Under the present arrangements of all contemporary market economies, the link between the accumulated saving of society and its agenda of production is weak. To a large extent, the finance of production relies on the retained and reinvested earnings of private firms, which is to say that production finances itself. Finance is then free to serve itself rather than to serve production, and to design successive layers of financial engineering with an ever more tenuous relation to any transactions in the real economy.
A relaxation of regulatory vigilance such as occurred in the second half of the twentieth century, merely magnifies these effects. Finance, relatively ineffective in helping support production, may be very 15 effective in disrupting it, as its innovations become more and more selfreferential, and less and less useful to funding the production of actual goods and services. A crisis in finance, such as we have witnessed, will have major effects on the real economy chiefly by dissuading firms and households from running risks and maintaining high exposure to debt.

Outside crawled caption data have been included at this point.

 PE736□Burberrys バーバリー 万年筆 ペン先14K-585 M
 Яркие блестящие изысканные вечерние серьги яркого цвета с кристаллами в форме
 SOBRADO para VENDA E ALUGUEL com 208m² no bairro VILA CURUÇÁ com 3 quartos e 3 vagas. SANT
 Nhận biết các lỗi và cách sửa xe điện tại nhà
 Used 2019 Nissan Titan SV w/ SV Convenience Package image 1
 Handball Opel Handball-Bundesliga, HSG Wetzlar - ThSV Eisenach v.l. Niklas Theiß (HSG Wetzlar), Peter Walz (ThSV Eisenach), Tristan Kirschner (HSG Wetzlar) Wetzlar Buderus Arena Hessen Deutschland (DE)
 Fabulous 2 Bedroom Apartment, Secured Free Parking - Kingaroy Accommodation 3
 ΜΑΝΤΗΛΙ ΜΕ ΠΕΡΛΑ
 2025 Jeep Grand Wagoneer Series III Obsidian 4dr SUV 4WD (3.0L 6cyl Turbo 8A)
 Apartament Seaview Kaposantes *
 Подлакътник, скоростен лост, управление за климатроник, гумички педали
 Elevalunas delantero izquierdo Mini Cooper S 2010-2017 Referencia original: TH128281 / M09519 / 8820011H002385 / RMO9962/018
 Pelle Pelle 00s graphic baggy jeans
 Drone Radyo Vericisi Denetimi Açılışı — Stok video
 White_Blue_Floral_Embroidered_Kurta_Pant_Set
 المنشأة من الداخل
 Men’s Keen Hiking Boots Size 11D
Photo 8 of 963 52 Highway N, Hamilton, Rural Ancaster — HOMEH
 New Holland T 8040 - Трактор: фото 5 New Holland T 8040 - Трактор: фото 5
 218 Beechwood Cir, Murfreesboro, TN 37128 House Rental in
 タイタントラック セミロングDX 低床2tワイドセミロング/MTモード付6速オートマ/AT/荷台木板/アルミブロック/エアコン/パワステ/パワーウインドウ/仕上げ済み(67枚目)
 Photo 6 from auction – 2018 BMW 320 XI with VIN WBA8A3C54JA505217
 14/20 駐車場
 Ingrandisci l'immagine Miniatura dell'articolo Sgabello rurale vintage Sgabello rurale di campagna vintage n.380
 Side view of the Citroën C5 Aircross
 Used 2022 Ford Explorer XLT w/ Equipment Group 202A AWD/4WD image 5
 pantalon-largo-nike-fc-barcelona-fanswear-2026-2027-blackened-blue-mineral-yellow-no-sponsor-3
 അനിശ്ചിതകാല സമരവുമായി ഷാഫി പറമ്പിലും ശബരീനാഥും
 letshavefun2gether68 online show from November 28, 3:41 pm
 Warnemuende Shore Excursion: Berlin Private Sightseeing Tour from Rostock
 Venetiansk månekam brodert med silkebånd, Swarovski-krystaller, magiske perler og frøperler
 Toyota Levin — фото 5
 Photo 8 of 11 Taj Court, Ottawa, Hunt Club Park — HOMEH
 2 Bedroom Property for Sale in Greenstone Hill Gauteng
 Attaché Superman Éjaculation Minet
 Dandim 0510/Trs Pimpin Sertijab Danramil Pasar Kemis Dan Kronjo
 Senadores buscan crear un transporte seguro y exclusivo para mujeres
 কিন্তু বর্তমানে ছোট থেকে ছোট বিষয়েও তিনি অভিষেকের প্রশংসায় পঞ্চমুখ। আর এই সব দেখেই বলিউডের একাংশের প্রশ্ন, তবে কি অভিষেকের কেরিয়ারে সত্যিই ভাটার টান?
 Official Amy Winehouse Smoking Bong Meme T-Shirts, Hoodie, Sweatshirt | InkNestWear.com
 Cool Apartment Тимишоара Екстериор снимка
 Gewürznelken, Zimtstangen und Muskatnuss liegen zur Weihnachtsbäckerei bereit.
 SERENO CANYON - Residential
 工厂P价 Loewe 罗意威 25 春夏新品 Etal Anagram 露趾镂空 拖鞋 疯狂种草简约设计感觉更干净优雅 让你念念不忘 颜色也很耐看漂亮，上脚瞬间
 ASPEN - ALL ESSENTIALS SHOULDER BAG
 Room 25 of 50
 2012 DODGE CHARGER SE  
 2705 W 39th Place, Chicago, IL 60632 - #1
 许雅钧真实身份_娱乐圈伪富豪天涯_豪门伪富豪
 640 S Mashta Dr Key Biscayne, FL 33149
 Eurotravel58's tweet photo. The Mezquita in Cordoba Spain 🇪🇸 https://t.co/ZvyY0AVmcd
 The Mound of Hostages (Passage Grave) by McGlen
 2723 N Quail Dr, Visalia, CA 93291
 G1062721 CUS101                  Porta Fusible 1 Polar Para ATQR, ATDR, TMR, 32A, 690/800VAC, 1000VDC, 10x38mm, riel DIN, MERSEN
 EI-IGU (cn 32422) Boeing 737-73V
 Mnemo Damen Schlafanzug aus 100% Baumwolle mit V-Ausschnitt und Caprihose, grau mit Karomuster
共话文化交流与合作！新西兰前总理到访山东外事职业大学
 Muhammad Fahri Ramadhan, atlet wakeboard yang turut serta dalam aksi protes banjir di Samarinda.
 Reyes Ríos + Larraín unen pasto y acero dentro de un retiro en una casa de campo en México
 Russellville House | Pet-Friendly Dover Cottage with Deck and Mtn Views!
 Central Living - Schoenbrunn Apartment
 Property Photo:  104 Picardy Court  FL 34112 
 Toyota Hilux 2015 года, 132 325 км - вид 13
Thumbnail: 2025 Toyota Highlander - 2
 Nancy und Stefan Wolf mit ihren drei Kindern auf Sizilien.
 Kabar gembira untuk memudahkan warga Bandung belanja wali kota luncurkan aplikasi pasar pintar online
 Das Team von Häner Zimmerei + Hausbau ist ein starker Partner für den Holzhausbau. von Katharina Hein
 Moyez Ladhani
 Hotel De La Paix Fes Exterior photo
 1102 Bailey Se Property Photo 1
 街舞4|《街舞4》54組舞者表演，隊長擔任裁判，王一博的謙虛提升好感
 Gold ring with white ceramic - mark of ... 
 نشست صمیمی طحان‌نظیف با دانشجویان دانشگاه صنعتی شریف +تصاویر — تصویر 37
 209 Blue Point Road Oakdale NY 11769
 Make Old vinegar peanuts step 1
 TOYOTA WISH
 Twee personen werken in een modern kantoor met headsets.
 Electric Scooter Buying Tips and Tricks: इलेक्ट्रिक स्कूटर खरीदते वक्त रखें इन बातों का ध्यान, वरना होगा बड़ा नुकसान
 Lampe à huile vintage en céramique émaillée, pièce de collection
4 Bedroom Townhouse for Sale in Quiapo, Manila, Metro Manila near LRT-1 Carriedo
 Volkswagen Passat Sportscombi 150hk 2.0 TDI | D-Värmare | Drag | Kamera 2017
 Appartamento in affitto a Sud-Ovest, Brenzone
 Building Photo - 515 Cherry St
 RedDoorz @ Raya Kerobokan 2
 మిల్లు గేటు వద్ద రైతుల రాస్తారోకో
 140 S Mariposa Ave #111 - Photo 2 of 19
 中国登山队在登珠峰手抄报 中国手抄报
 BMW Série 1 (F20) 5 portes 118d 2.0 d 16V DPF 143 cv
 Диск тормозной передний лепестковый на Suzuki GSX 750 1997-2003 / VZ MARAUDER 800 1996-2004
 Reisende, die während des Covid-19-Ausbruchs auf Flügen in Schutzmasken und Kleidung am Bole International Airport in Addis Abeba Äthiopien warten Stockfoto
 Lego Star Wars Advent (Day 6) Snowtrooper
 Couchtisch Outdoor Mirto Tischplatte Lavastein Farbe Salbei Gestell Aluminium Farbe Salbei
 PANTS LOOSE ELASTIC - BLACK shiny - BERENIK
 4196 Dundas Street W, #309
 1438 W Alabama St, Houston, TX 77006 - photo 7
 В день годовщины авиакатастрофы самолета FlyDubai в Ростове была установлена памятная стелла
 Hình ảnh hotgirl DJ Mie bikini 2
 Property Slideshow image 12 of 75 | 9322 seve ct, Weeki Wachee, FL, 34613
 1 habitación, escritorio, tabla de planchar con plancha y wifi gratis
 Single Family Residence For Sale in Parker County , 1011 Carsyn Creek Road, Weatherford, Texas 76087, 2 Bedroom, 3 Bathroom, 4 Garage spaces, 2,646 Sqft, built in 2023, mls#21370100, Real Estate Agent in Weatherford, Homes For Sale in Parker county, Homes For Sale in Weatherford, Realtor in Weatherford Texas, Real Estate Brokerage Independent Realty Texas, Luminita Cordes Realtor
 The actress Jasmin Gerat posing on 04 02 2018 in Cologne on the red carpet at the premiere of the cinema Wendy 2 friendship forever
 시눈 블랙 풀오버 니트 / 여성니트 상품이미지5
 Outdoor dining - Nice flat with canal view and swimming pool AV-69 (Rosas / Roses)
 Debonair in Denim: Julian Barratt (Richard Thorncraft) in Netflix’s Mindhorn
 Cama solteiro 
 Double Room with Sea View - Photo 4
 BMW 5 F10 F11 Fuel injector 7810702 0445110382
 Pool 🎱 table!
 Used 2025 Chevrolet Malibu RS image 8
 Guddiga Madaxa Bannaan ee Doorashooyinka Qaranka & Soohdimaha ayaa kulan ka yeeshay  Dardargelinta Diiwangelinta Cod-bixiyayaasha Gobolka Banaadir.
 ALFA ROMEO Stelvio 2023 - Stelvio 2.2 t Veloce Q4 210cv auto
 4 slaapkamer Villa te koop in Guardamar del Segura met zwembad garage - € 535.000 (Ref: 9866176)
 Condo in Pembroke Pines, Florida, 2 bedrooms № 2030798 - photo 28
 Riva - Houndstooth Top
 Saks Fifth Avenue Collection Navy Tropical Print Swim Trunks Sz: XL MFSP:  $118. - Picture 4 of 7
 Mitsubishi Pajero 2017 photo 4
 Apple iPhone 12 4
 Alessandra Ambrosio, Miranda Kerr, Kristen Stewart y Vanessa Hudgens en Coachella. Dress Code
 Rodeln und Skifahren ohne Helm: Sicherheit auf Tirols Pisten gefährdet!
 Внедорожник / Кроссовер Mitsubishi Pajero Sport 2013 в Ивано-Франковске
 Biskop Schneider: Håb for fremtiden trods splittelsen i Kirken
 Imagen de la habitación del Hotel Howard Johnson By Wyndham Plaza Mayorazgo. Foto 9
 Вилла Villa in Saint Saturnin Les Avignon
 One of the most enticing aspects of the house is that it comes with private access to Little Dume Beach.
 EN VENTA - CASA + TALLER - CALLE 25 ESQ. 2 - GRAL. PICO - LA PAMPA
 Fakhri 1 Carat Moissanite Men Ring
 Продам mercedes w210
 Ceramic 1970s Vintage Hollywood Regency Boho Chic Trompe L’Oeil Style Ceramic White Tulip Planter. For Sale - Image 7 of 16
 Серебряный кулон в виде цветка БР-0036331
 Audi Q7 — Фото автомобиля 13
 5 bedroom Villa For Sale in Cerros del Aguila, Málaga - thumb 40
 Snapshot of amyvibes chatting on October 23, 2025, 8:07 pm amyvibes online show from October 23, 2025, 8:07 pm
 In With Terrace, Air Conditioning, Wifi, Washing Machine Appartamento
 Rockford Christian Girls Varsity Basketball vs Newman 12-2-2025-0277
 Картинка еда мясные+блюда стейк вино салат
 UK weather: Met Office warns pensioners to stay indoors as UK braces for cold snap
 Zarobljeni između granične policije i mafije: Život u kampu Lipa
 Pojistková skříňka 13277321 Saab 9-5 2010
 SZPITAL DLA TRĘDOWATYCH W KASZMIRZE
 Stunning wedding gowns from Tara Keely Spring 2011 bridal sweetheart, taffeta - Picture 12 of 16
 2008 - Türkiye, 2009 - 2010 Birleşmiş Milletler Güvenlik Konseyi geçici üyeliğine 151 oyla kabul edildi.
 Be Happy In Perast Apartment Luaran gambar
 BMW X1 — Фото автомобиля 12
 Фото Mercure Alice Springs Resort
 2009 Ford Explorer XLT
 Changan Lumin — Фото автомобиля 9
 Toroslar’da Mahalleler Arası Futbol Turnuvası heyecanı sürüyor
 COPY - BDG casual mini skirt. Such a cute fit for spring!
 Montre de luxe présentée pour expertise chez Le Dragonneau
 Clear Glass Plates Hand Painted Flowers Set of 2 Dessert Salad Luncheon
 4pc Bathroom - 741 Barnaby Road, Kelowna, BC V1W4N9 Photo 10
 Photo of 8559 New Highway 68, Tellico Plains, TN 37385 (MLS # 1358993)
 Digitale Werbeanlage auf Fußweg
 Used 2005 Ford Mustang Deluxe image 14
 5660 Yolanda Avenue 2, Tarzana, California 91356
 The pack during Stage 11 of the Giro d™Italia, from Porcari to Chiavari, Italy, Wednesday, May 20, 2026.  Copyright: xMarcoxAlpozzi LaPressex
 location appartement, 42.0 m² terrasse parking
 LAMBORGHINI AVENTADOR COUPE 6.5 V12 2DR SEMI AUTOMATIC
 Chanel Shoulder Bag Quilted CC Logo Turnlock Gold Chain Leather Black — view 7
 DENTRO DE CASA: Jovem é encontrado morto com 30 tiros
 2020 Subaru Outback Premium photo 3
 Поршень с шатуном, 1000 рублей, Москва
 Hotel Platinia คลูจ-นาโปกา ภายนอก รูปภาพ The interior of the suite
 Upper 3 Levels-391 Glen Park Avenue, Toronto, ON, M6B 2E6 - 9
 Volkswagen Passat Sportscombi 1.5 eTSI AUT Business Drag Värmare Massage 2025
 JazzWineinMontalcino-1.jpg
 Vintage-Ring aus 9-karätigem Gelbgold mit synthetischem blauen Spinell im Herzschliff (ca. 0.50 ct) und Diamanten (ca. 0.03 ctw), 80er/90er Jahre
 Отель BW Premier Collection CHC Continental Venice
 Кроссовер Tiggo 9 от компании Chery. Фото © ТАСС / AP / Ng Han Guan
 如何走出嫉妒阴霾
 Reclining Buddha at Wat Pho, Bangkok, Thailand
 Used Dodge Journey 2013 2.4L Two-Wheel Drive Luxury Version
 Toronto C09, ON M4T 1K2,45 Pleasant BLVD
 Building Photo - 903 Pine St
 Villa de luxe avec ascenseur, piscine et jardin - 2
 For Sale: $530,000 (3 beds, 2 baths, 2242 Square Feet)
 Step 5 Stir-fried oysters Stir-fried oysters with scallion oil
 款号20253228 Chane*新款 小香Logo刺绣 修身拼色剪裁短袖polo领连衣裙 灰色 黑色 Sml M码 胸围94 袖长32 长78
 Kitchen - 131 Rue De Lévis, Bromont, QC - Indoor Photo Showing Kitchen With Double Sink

If the disengagement of finance from production formed part of the causal background to the crisis of 2007-2009 and to its continuing aftermath in the slump, another part was the effect of inequality, manifest both proximately and remotely.
As a proximate cause of the crisis of 2007-2009, in its American theater and its appearance in many countries around the world, inequality mattered chiefly as a provocation to put access to consumer credit in the place of redistribution of wealth and income as a basis for a market in mass consumption goods. Mass consumption requires in principle a popularization of purchasing power. Such popularization in
turn seems to depend on widespread distribution of wealth and income:
either through a broadening of access to economic and educational opportunities that influences the primary distribution of income or through the redistributive effects of taxation and social spending.
The economic growth that the advanced Western economies saw in the second half of the twentieth century relied heavily on the expansion of a market in mass consumption goods. In this as in many other respects, the United States took the lead. When asked what book he would like to see in the hands of every Soviet child, Franklin Roosevelt answered: the Sears Roebuck catalog.
What real redistribution fails to provide, fake redistribution, in the form of greater access to consumer credit, helped supply instead.